The 2016 Kumamoto M_w = 7.0 earthquake: a significant event in a fault-volcano system

Abstract

The 2016 Kumamoto earthquake sequence occurred on the Futagawa–Hinagu fault zone near the Aso volcano on Kyushu island. The sequence was initiated with two major (M_w ≥ 6.0) foreshocks, and the mainshock (M_w = 7.0) occurred 25 h after the second major foreshock. We combine GPS, strong motion, synthetic aperture radar images, and surface offset data in a joint inversion to resolve the kinematic rupture process of the mainshock and coseismic displacement of the foreshocks. The joint inversion results reveal a unilateral rupture process for the mainshock involving sequential rupture of four major asperities. The slip area of the foreshocks and mainshock and the aftershock loci form a detailed complementary pattern. The mainshock rupture terminates near the rim of the caldera, leaving a ~10 km long gap of aftershocks.

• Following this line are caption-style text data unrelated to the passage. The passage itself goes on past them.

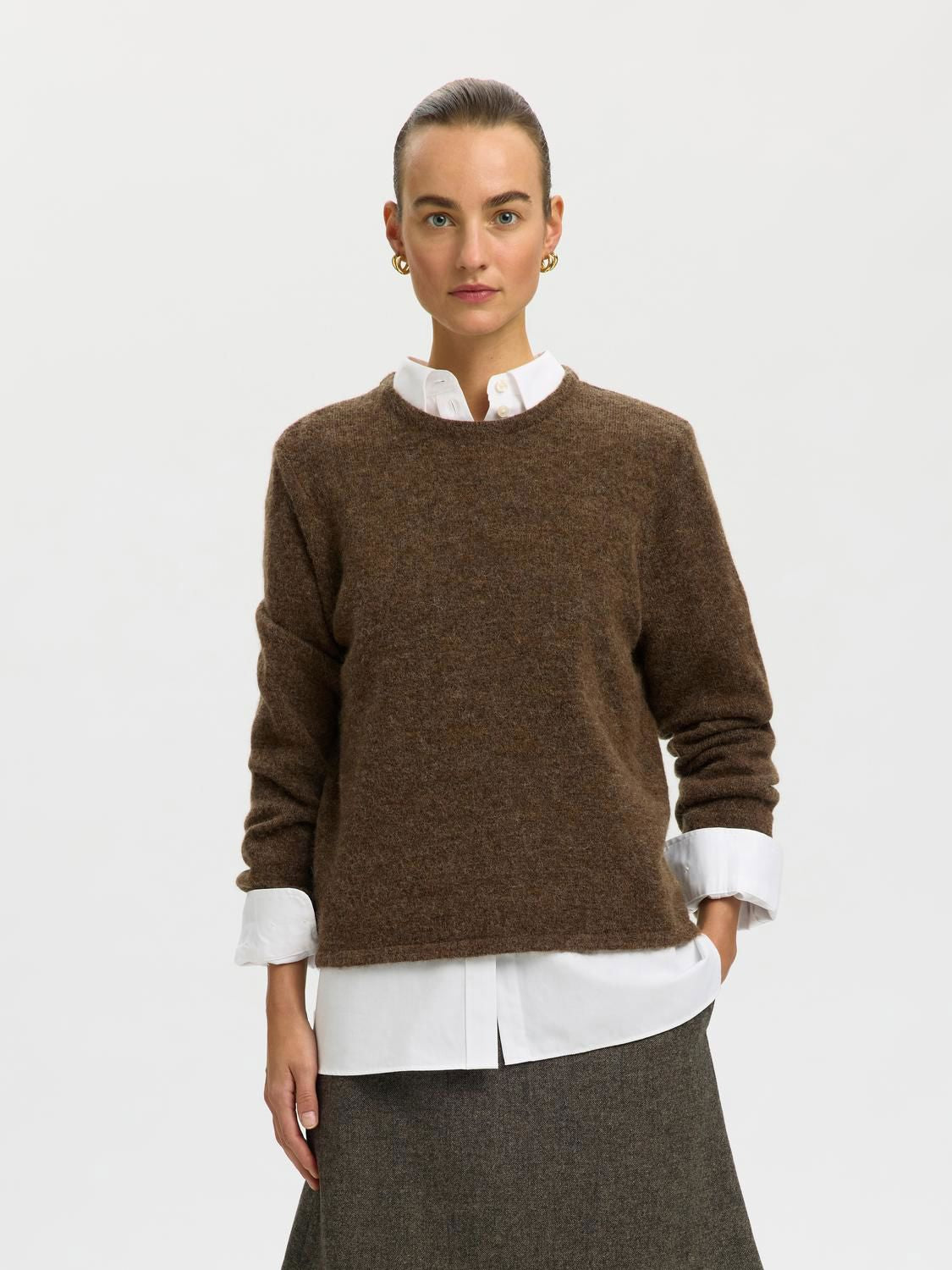 Slwlulu New Ls Knit O-Neck Noos Brun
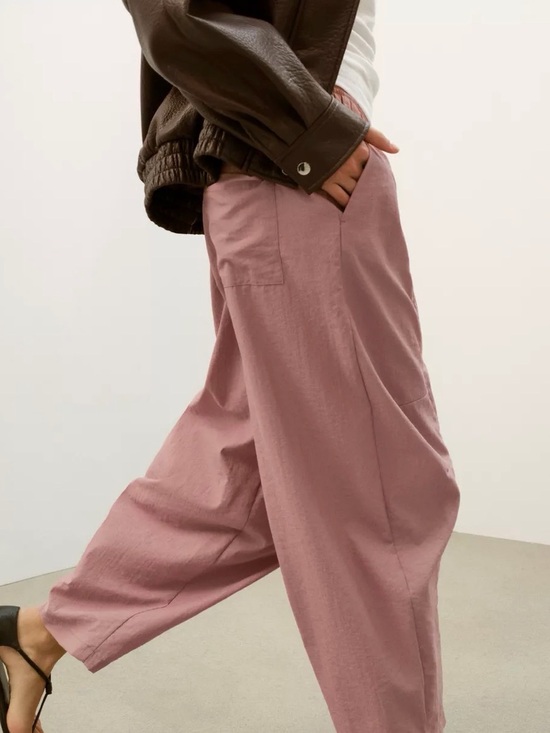Zara Pants - Zara Blush Pink Elastic Waist Wide-Leg Pants L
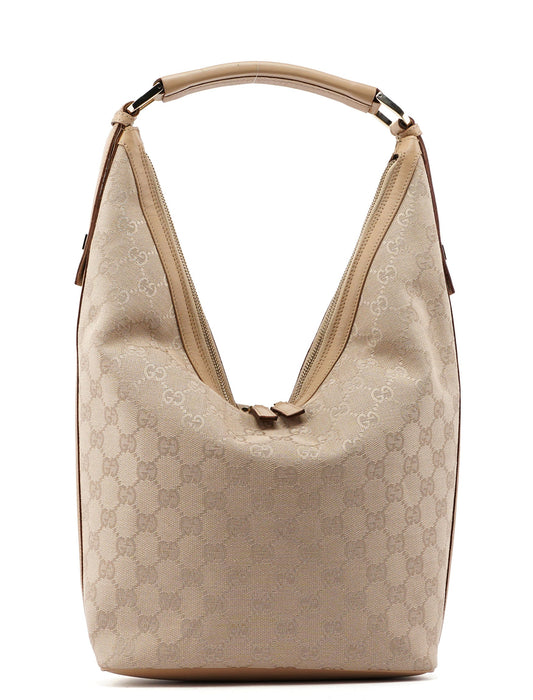 Beige GG V Hobo Shoulder Bag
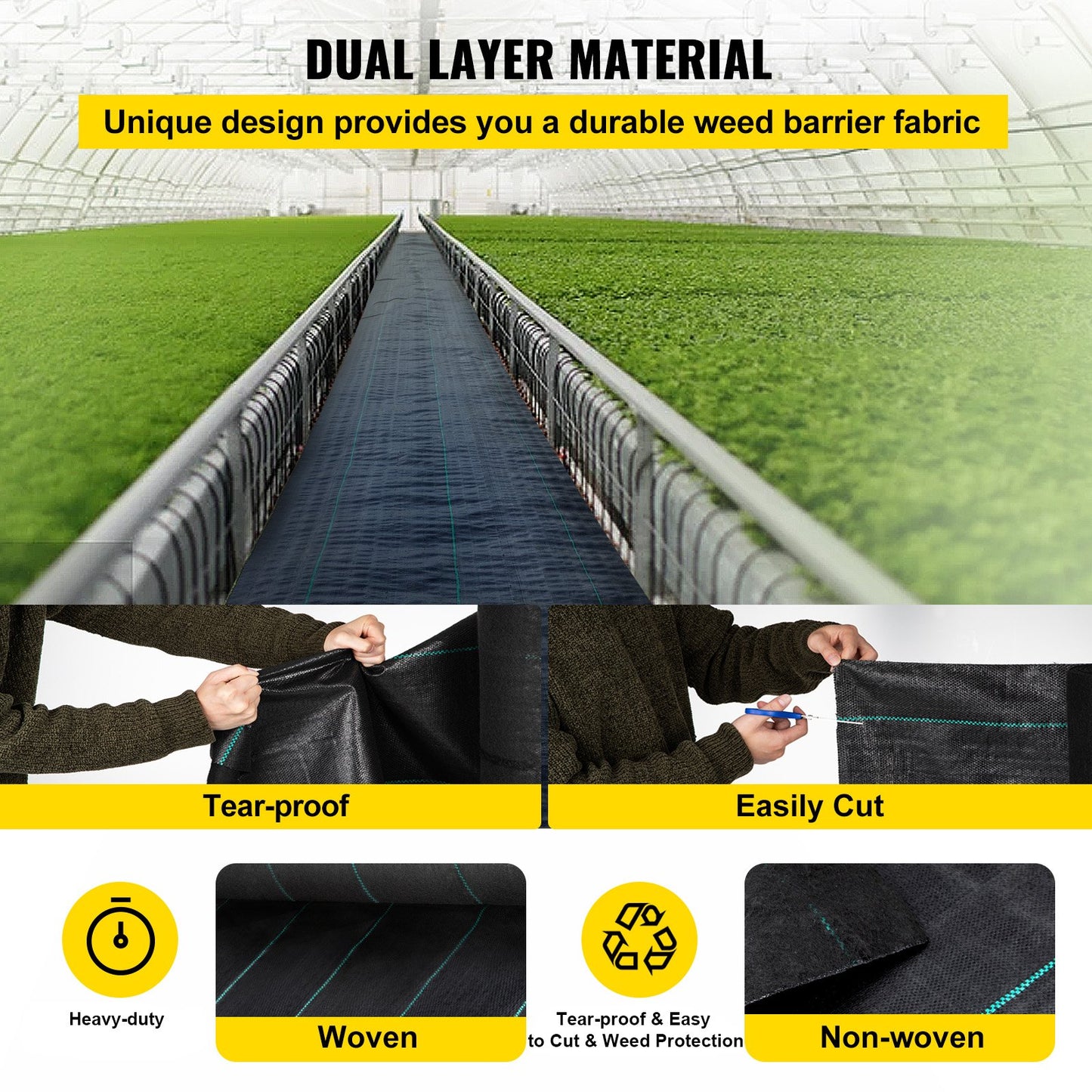 Garden Weed Barrier Fabric, 197 g/m² Heavy Duty Landscape Fabric, 120 cm x 3048 cm Weed Block Control for Garden Ground Cover, Woven Geotextile Fabric for Landscaping, Gardening, Underlayment, Black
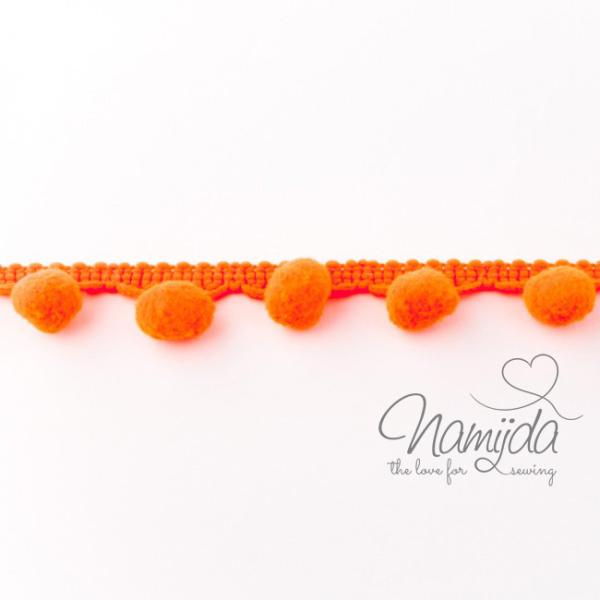 1 MTR. ♥ PomPom Bommelborte NeoN Orange ♥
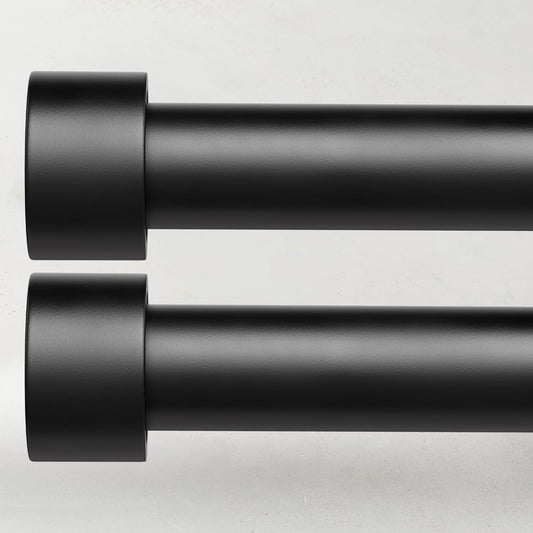 2 Pack Curtain Rods for Windows 28 to 48 Inch(2.3-4ft), 1 Inch Black Adjustable Heavy Duty Curtain Rod Set, Modern Outdoor Drapery Rods for Patio Bedroom, Size 32"- 60"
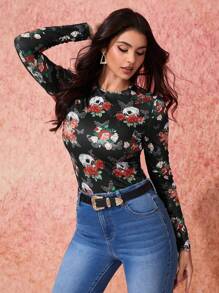 SHEIN Essnce SHEIN X Day Of The Dead Print Fitted Long Sleeve Round Neck Casual Top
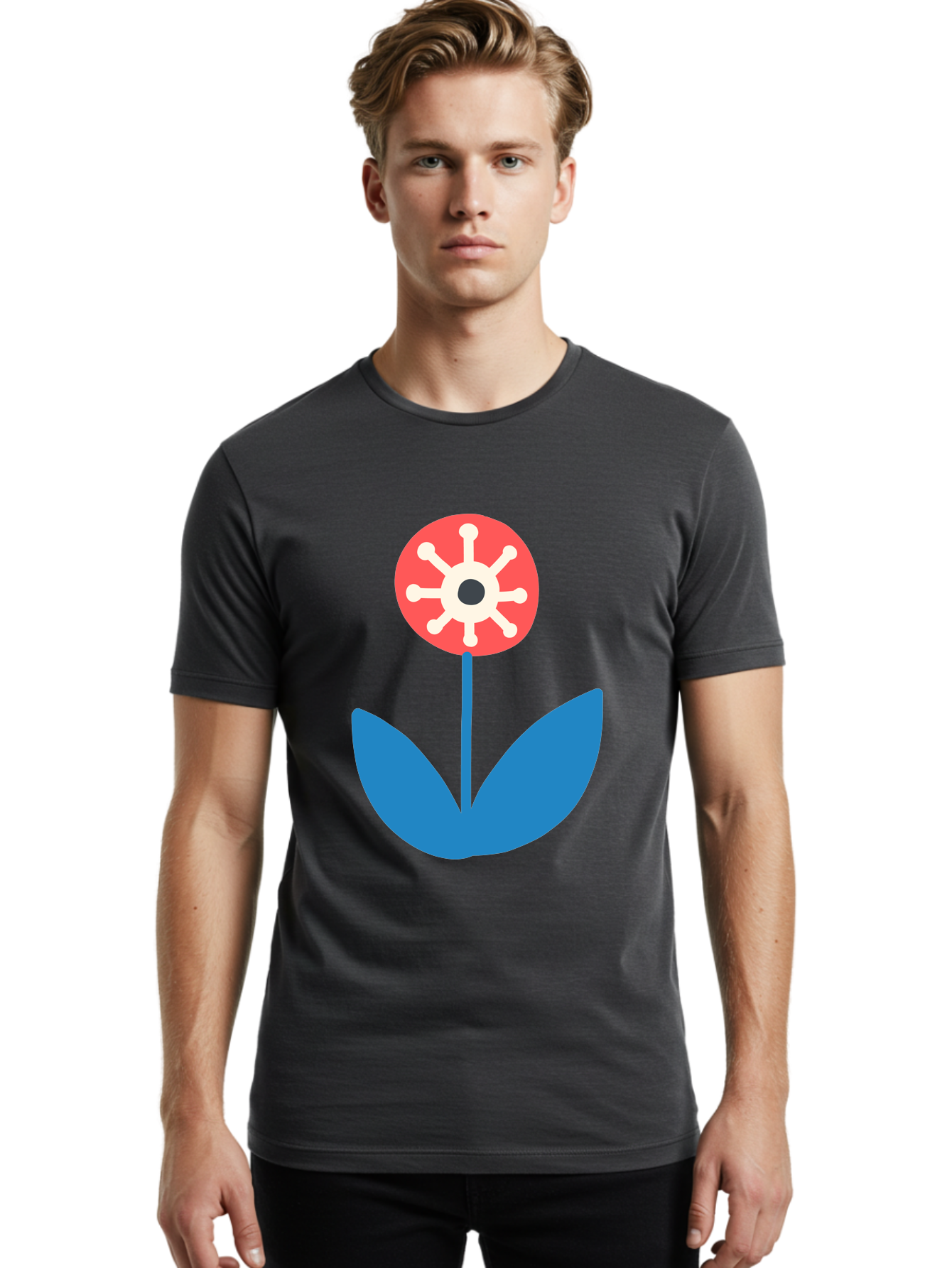 Piranha-Plant Men'S Graphic Tee, 100% Cotton, Comfortable Casual Summer Wear, Machine Washable, Cartoon Flower, Red Bloom, Blue Leaves, White And Black Center, Mushroom Inspired, Video Game Art, Super Mario, Simple Shapes, Bold Colors, Aab773 8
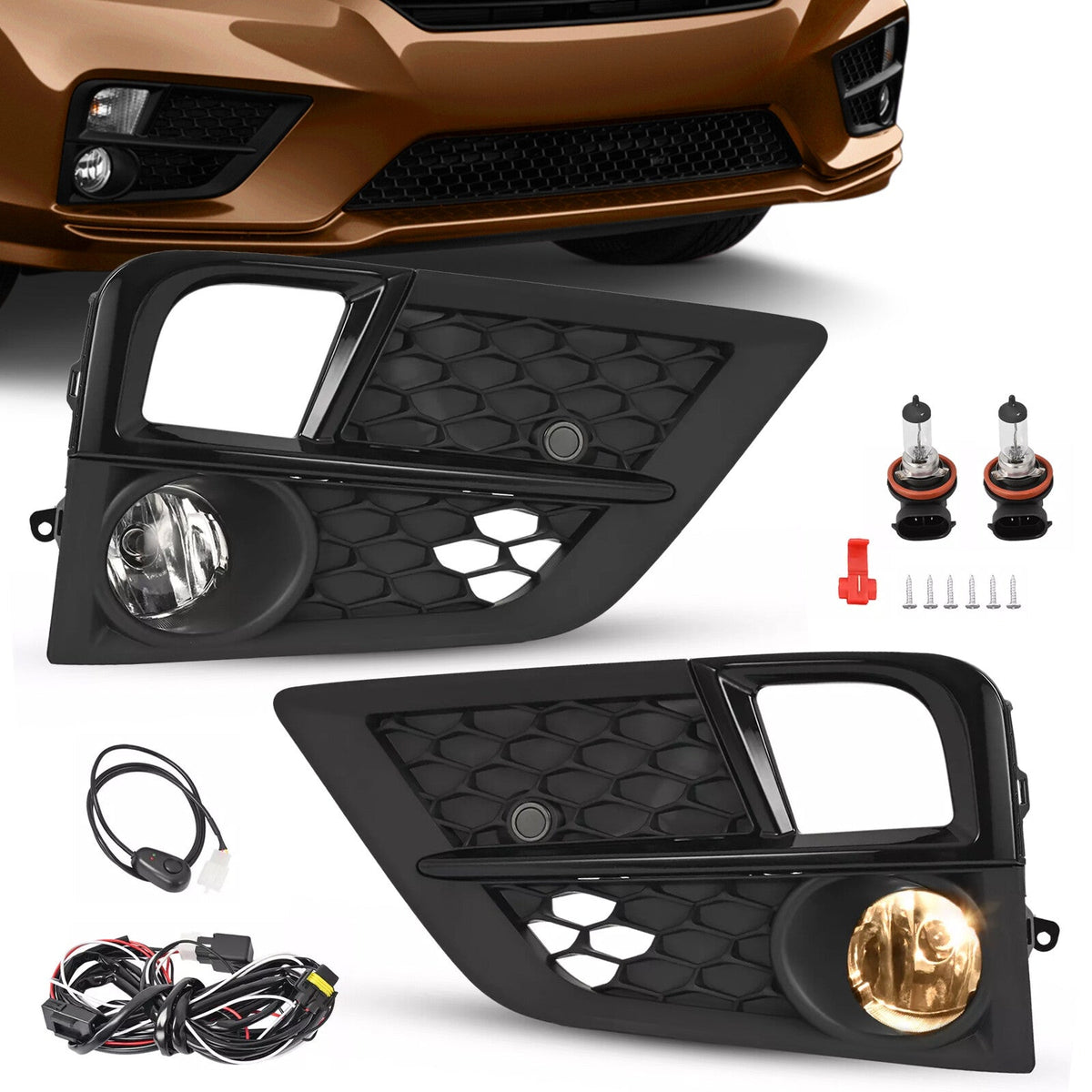 4PCS Bumper Driving Fog Lights Lamps For Honda Odyssey LX EX EXL 2018 2019 2020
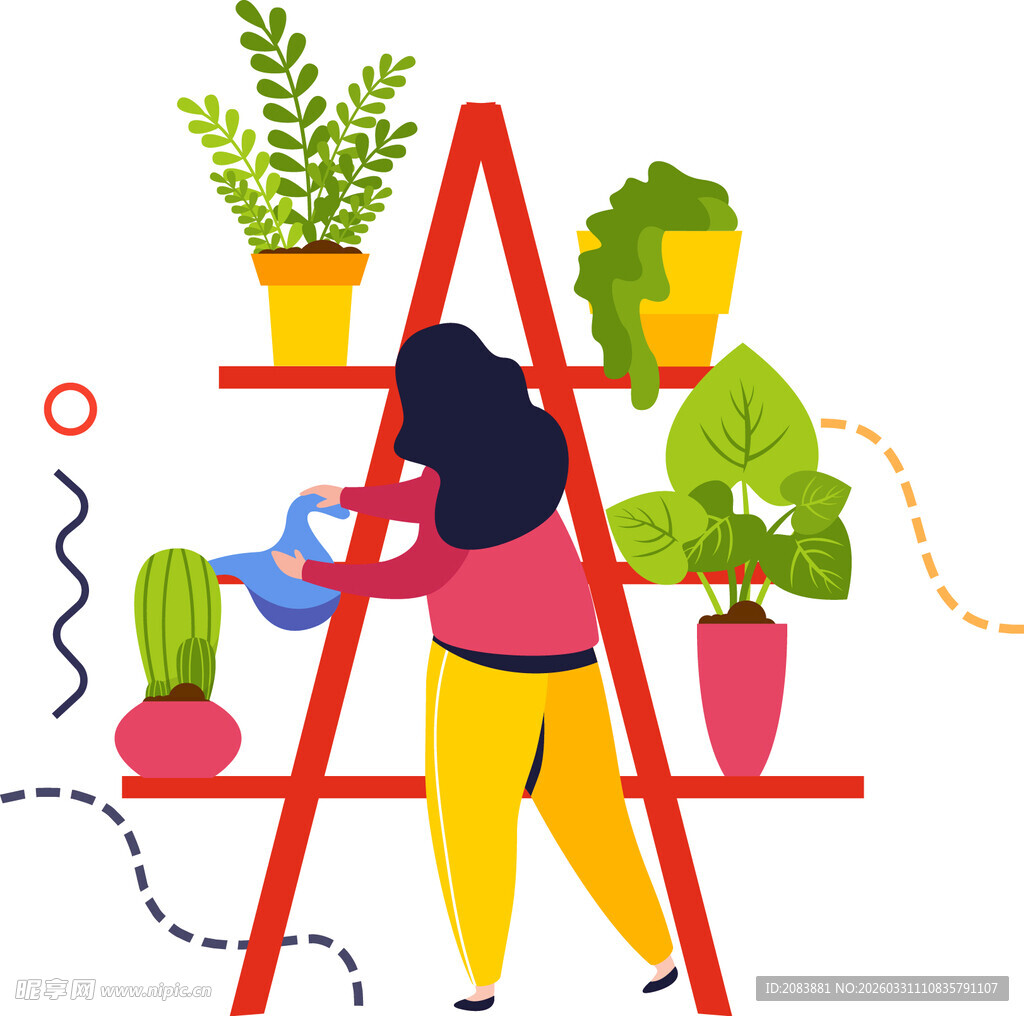 女子梯上细心浇灌绿植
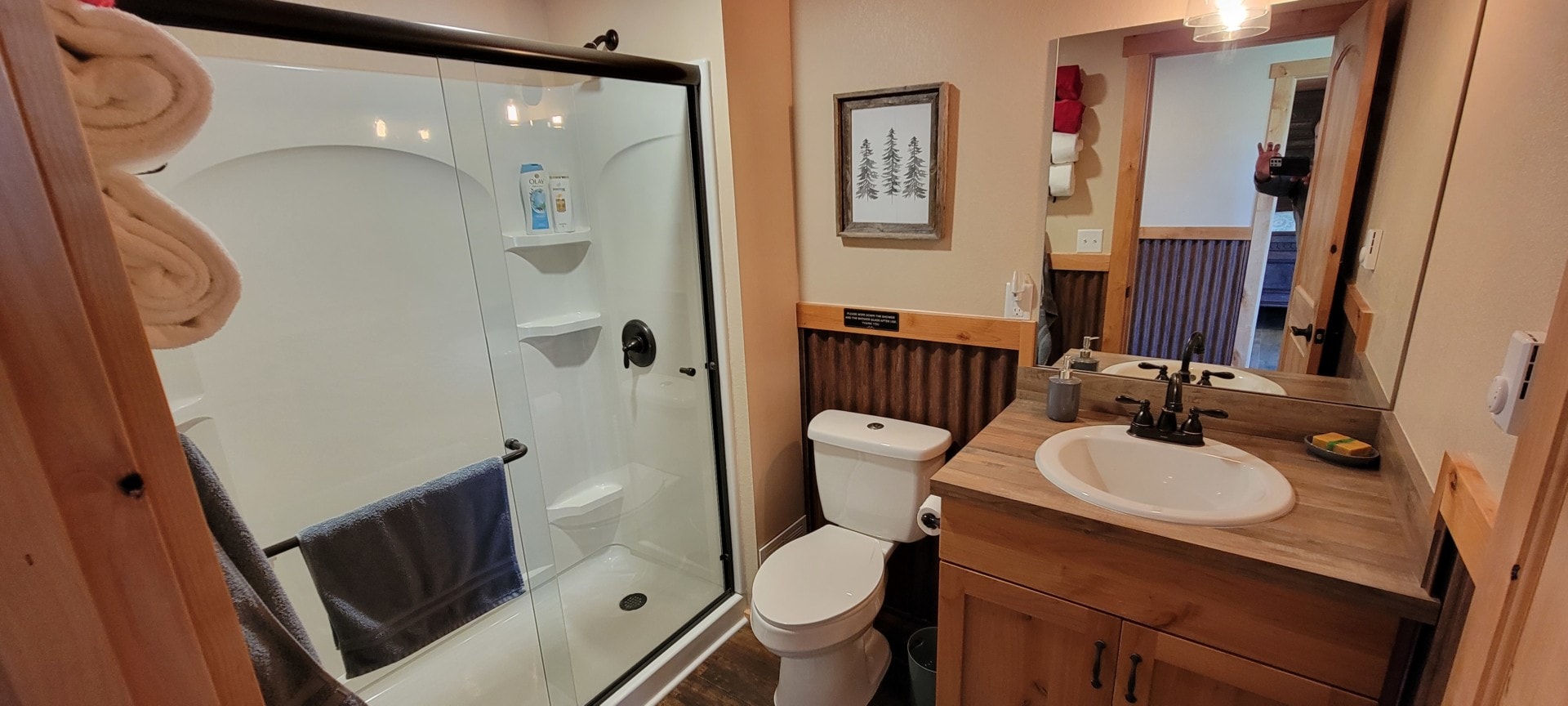bunkhouse bathroom Schock Ranch on the North Fork Montana Fay Ranches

This area is characterized by high temperature and low shear wave velocity, density, and resistivity, which may be related to the partially melted geothermal condition. Ductile material property near the volcano may act as a “material barrier” to the dynamic rupture. Topographic weight of the caldera increases compressional normal stress on the fault plane, which may behave as a “stress barrier.” Long-term seismic hazard and deformation behaviors related to these two types of barriers are discussed in terms of the associated frictional mechanism. Significant postseismic creeps observed near the volcano area indicates a velocity strengthening frictional behavior near the rupture termination, which confirms that the “material barrier” mechanism is likely the dominant rupture termination mechanism.